Would you print the lines below exactly, beginning at the line that has "IntelliDash Pro X10, 10″" and stopping after the line that has "Karaca Home X"? Only those lines, and no pictures.

### Material for this exercise ###

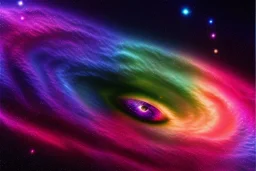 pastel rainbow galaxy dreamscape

###
### Material for this exercise ###

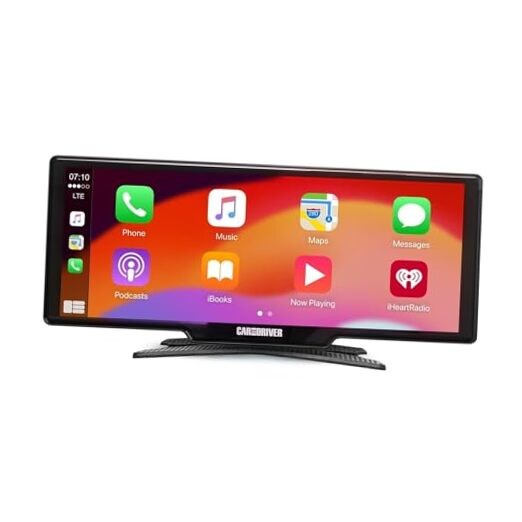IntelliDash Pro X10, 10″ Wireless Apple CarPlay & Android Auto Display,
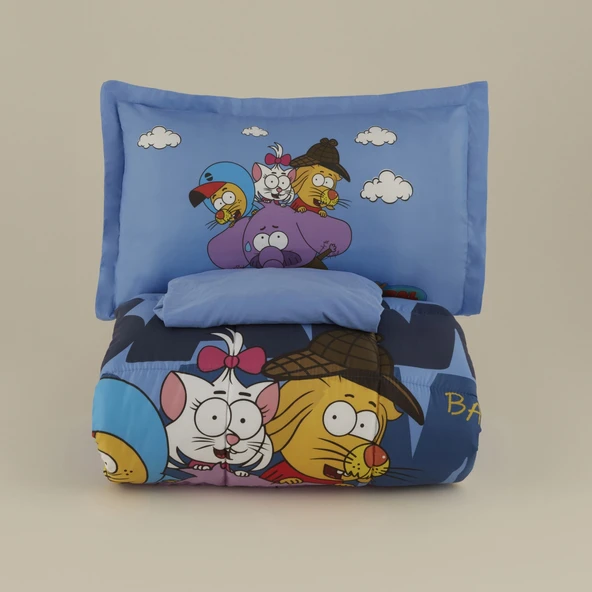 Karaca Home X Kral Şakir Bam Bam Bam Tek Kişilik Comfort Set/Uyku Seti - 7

###

Expected output
IntelliDash Pro X10, 10″ Wireless Apple CarPlay & Android Auto Display,
 Karaca Home X Kral Şakir Bam Bam Bam Tek Kişilik Comfort Set/Uyku Seti - 7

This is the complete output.